Short text fragments from websites:
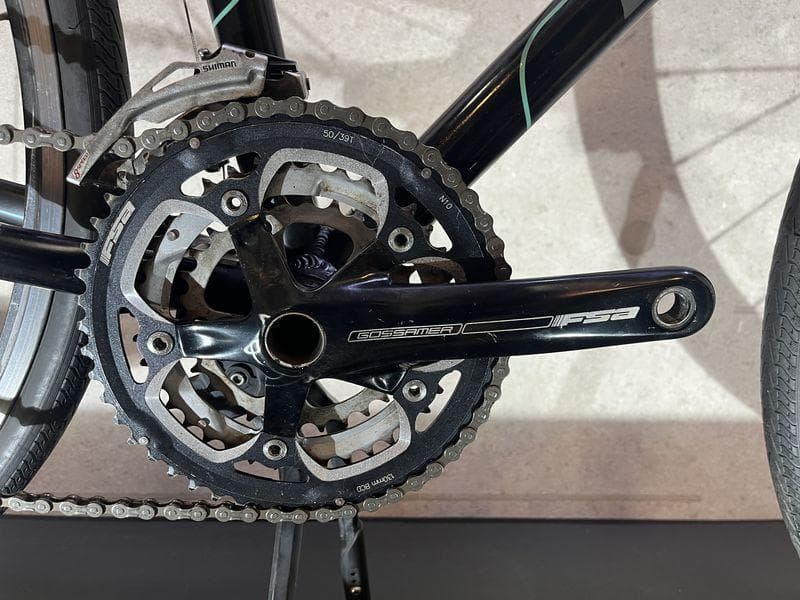 Bianchi CIELO ブラック クロスバイク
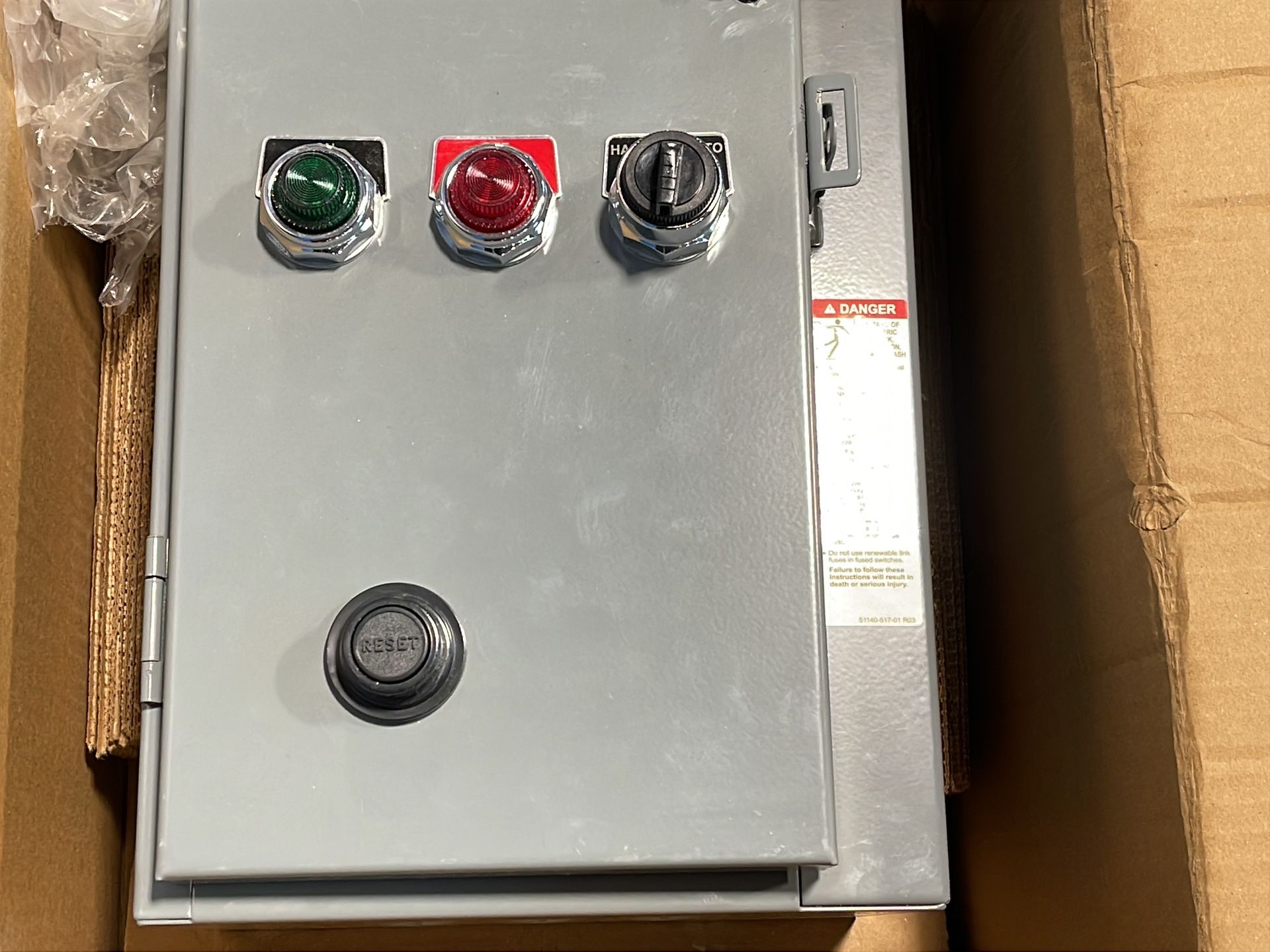 Square D 5 Hp Ac Combination Motor Starter - 8538sbg33v01ch309p92sx22y74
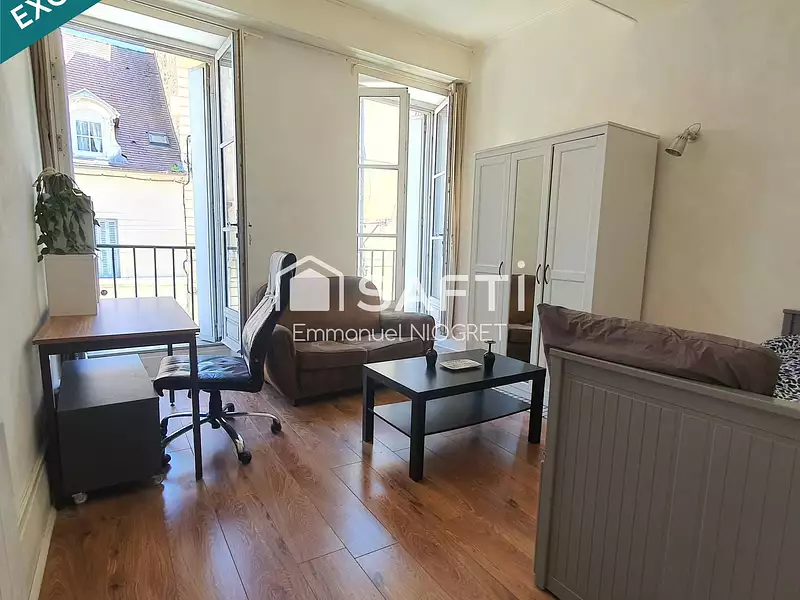 Appartement, 33 m²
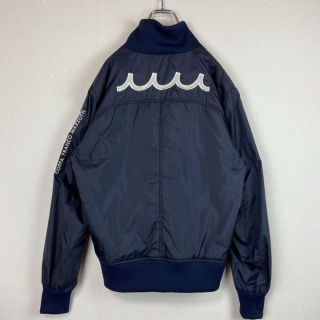 muta - 【レアコラボ】ムータマリンアカンサス ブルゾン古着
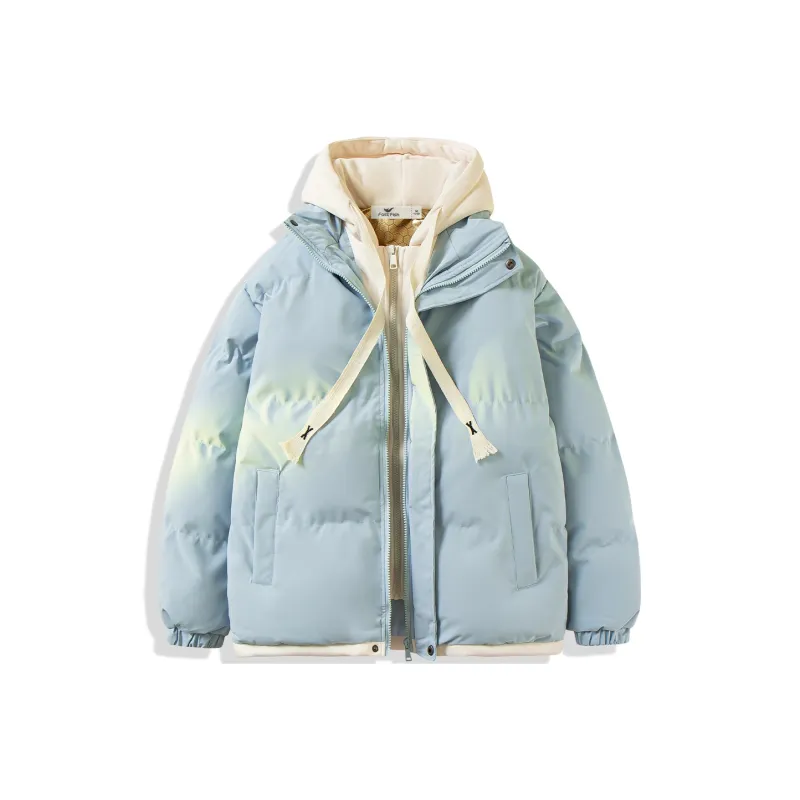 FASTFISH Puffer Jackets Unisex-12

WORK TASK
All lines from the one that contains "Appartement, 33 m²" through the last line of the data should be retyped exactly, with the pictures left out.

ANSWER FOR THIS EXERCISE
 Appartement, 33 m²
 muta - 【レアコラボ】ムータマリンアカンサス ブルゾン古着
 FASTFISH Puffer Jackets Unisex-12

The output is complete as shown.